● **Given data**

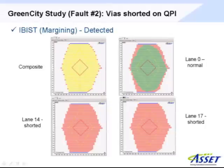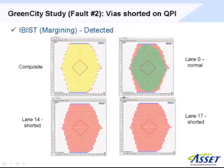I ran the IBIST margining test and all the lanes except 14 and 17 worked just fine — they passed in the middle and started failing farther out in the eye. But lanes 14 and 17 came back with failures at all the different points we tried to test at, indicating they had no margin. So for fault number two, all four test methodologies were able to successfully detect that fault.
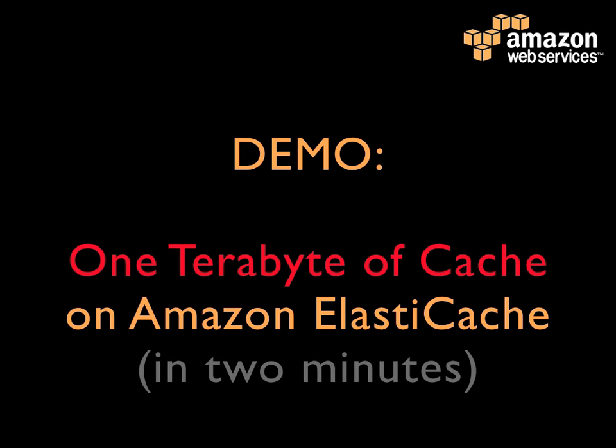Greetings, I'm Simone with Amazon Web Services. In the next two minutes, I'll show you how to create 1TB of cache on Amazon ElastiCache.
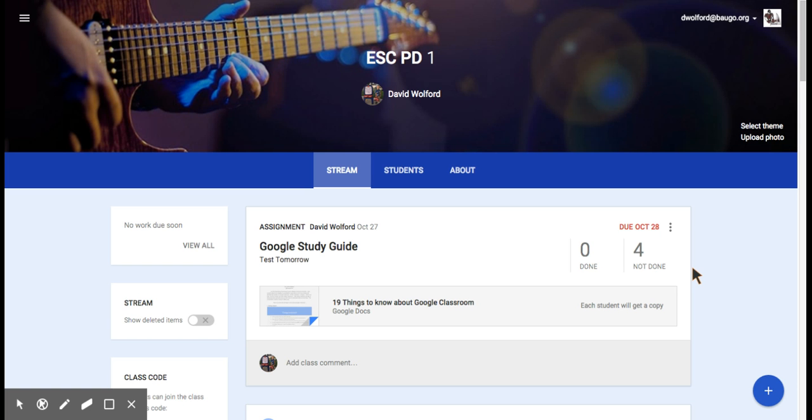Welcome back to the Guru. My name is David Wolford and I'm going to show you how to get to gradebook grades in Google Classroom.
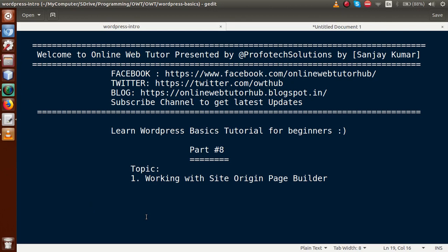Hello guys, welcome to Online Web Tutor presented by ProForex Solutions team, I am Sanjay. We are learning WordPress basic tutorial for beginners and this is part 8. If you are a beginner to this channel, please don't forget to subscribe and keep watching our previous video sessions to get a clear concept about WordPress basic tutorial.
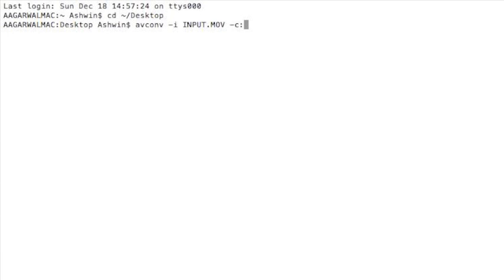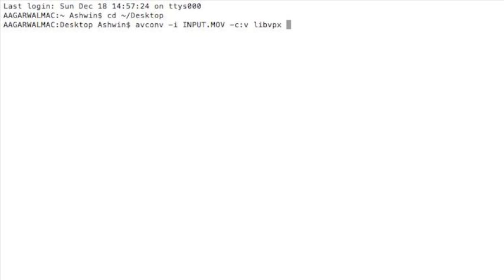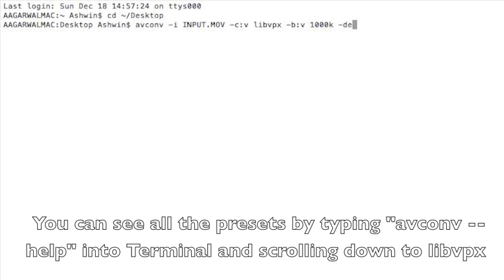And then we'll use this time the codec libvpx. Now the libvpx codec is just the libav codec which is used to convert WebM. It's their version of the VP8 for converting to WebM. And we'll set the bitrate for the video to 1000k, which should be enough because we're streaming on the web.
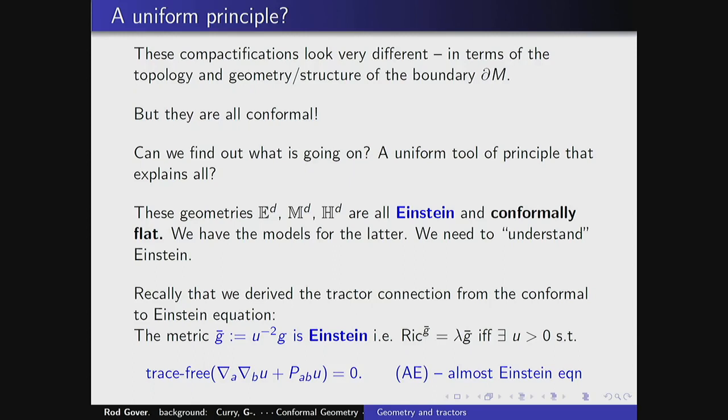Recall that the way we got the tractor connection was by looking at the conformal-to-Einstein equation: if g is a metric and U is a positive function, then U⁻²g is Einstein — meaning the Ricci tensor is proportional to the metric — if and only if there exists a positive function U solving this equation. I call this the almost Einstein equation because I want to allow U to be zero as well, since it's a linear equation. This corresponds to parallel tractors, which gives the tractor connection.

● **What you are asked to do**
Your answer must be an exact repeat of the records above, with no pictures in it.

● **Response**
I ran the IBIST margining test and all the lanes except 14 and 17 worked just fine — they passed in the middle and started failing farther out in the eye. But lanes 14 and 17 came back with failures at all the different points we tried to test at, indicating they had no margin. So for fault number two, all four test methodologies were able to successfully detect that fault.
Greetings, I'm Simone with Amazon Web Services. In the next two minutes, I'll show you how to create 1TB of cache on Amazon ElastiCache.
Welcome back to the Guru. My name is David Wolford and I'm going to show you how to get to gradebook grades in Google Classroom.
Hello guys, welcome to Online Web Tutor presented by ProForex Solutions team, I am Sanjay. We are learning WordPress basic tutorial for beginners and this is part 8. If you are a beginner to this channel, please don't forget to subscribe and keep watching our previous video sessions to get a clear concept about WordPress basic tutorial.
And then we'll use this time the codec libvpx. Now the libvpx codec is just the libav codec which is used to convert WebM. It's their version of the VP8 for converting to WebM. And we'll set the bitrate for the video to 1000k, which should be enough because we're streaming on the web.
Recall that the way we got the tractor connection was by looking at the conformal-to-Einstein equation: if g is a metric and U is a positive function, then U⁻²g is Einstein — meaning the Ricci tensor is proportional to the metric — if and only if there exists a positive function U solving this equation. I call this the almost Einstein equation because I want to allow U to be zero as well, since it's a linear equation. This corresponds to parallel tractors, which gives the tractor connection.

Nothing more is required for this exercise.